• _Recorded information_
* * * * * * *

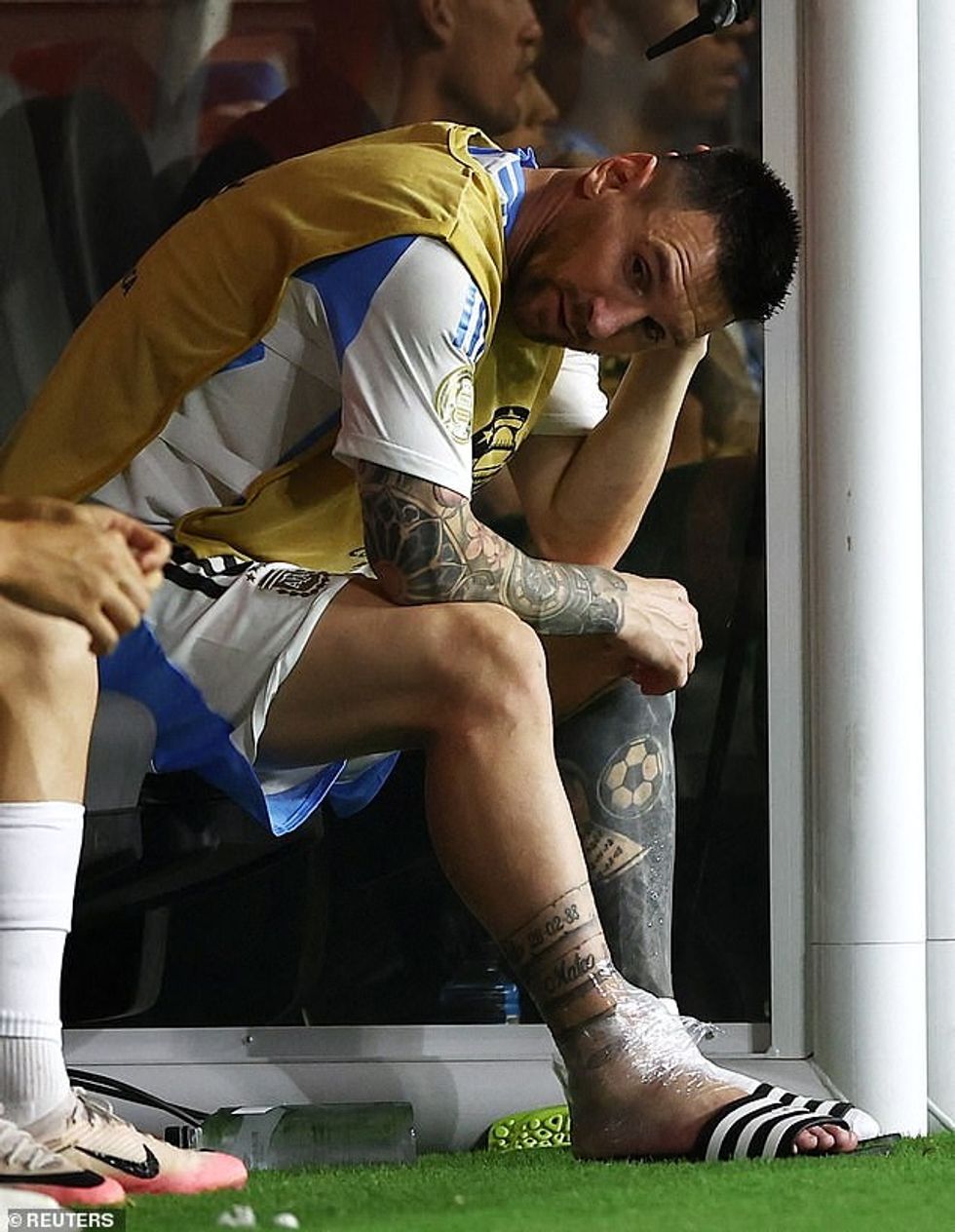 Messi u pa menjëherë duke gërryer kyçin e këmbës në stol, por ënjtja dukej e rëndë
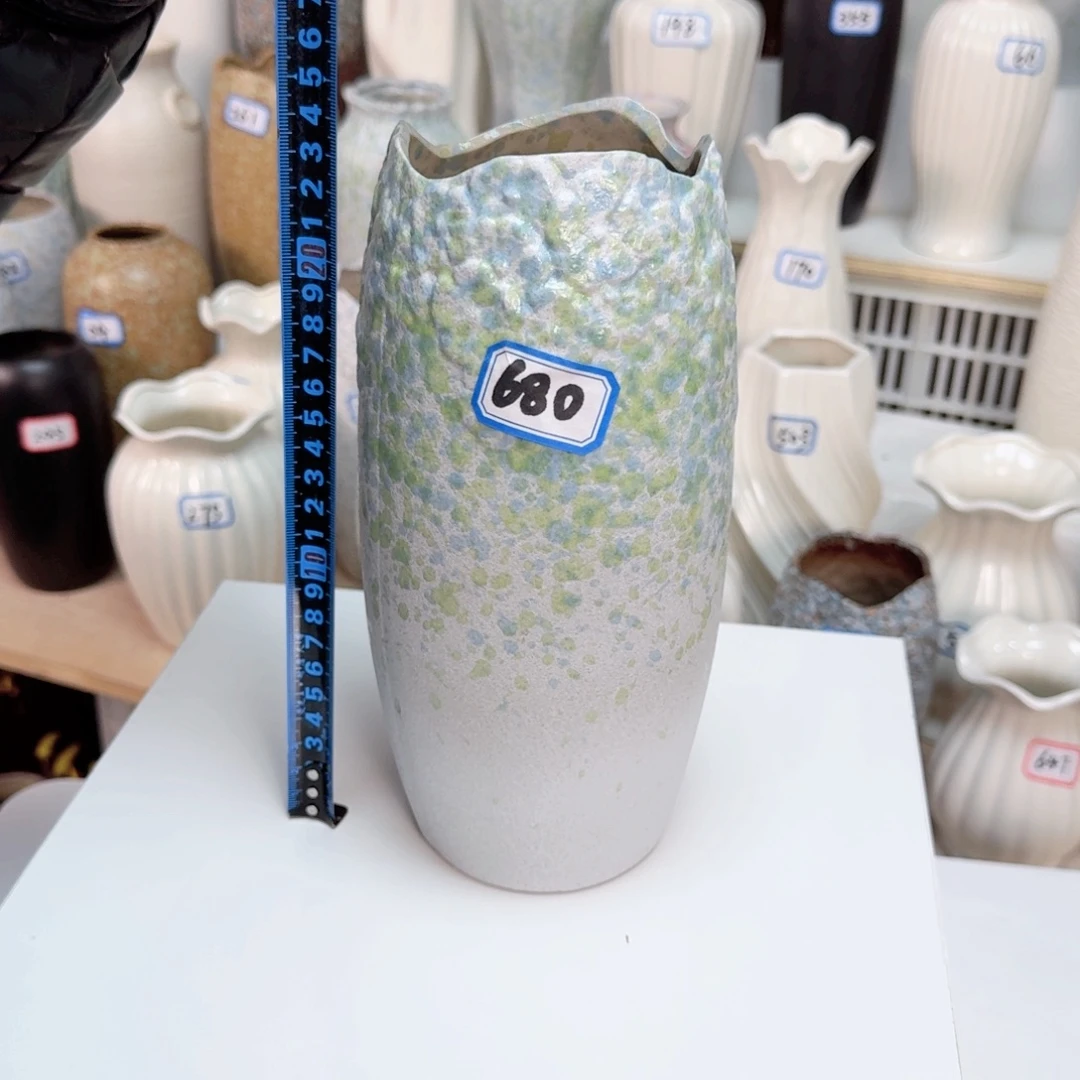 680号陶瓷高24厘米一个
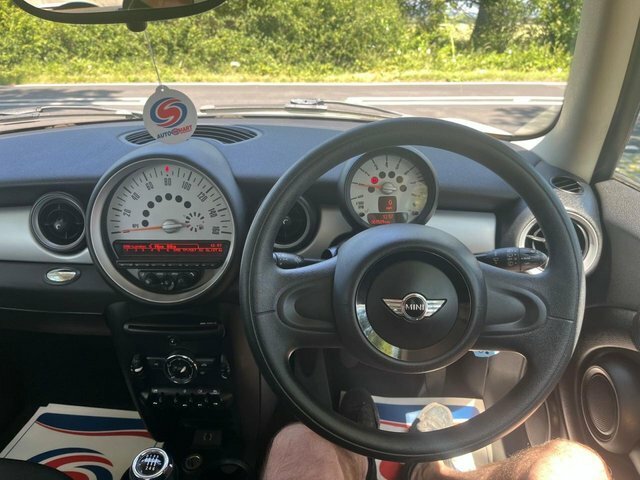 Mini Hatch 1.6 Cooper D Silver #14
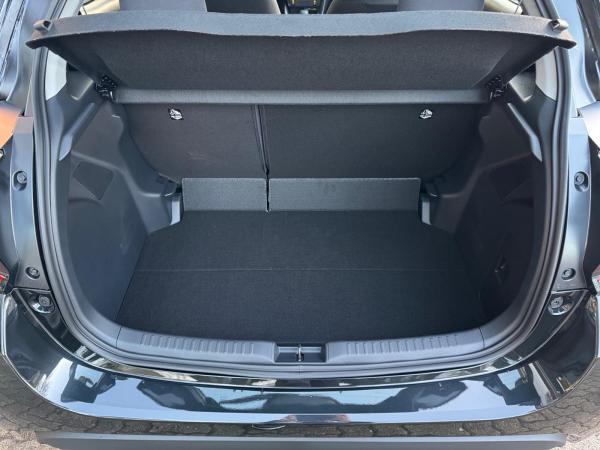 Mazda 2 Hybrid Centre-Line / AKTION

* * * * * * *

• _The task_
Apart from its pictures, the data is to be repeated exactly.

• _Result below_
 Messi u pa menjëherë duke gërryer kyçin e këmbës në stol, por ënjtja dukej e rëndë
 680号陶瓷高24厘米一个
 Mini Hatch 1.6 Cooper D Silver #14
 Mazda 2 Hybrid Centre-Line / AKTION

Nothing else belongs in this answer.